| ASSIGNMENT |
In the material below, find the line containing "Glitter Mascara Eyelash" and the line containing "a clean, modern". Output those two lines and all lines between them exactly, without pictures.

| INFORMATION SHOWN |
────────────────────────────────────────
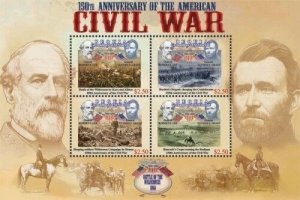 Bequia 2011 - American Civil War 150th Anniversary - Stamp Sheet of 4  - MNH #1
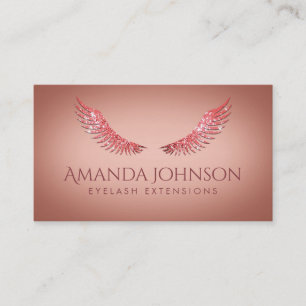 Glitter Mascara Eyelash Extensions Pink Rose Card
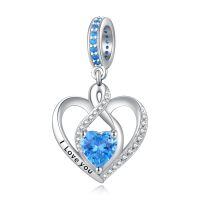wholesale 925 Sterling Silver Heart Birthstone Charms for Bracelets Jewelry Gifts-Dangle - Dec - Topaz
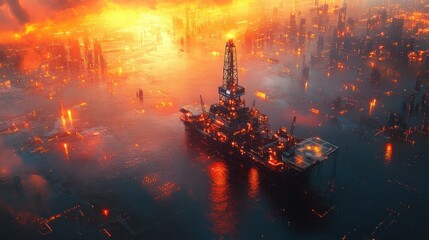 Oil Drilling Exploration with AI for Data Collection and Cost Reduction in a Cyberpunk Landscape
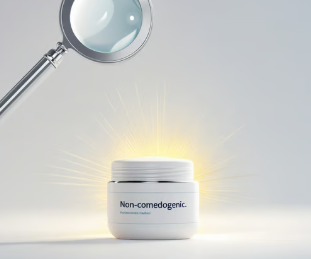a clean, modern graphic showing a magnifying glass hovering over a skincare product container
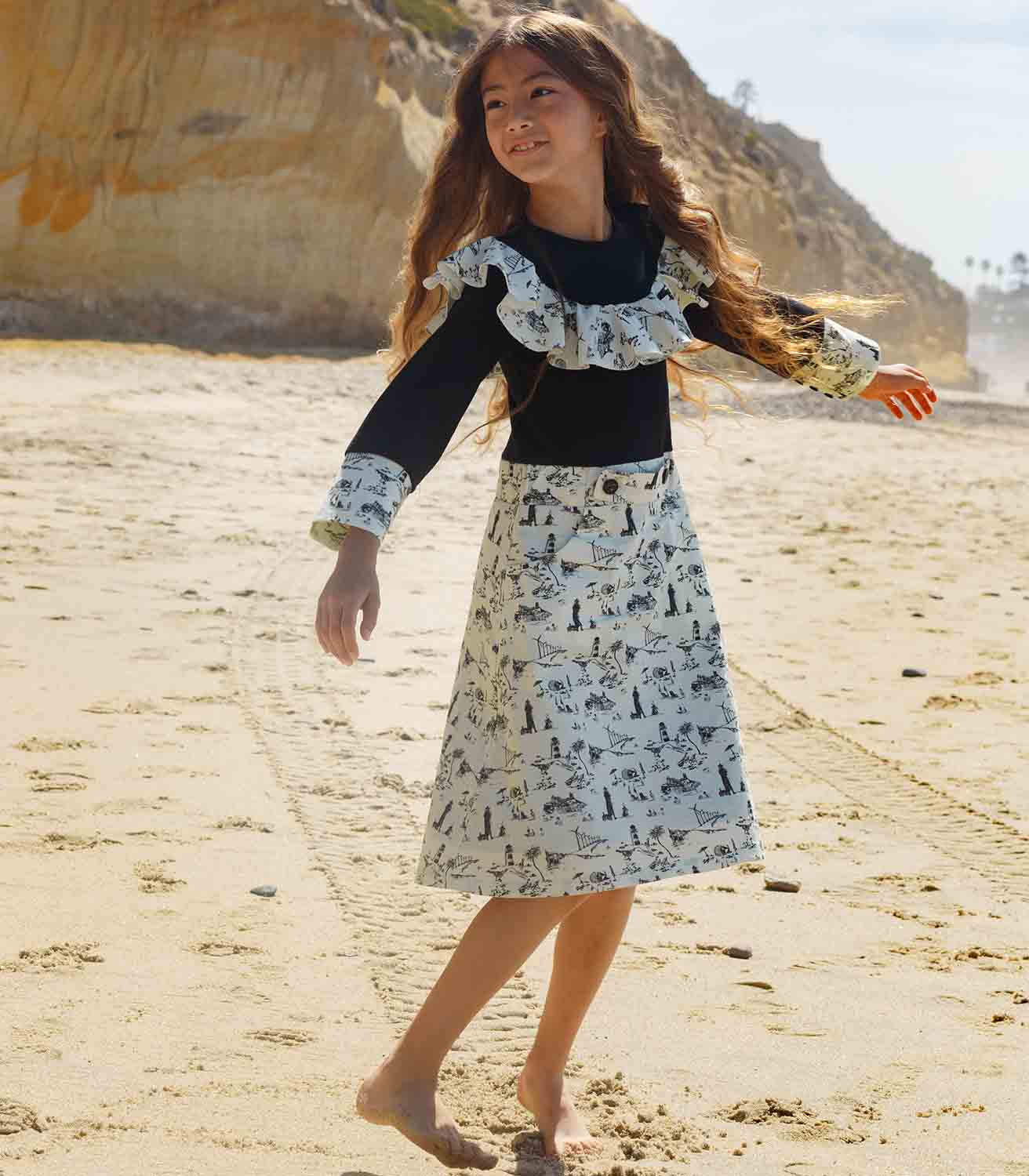 Girls' Vintage Frill Dress – view 2 – Infantium Victoria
────────────────────────────────────────
| RESULT |
 Glitter Mascara Eyelash Extensions Pink Rose Card
wholesale 925 Sterling Silver Heart Birthstone Charms for Bracelets Jewelry Gifts-Dangle - Dec - Topaz
 Oil Drilling Exploration with AI for Data Collection and Cost Reduction in a Cyberpunk Landscape
a clean, modern graphic showing a magnifying glass hovering over a skincare product container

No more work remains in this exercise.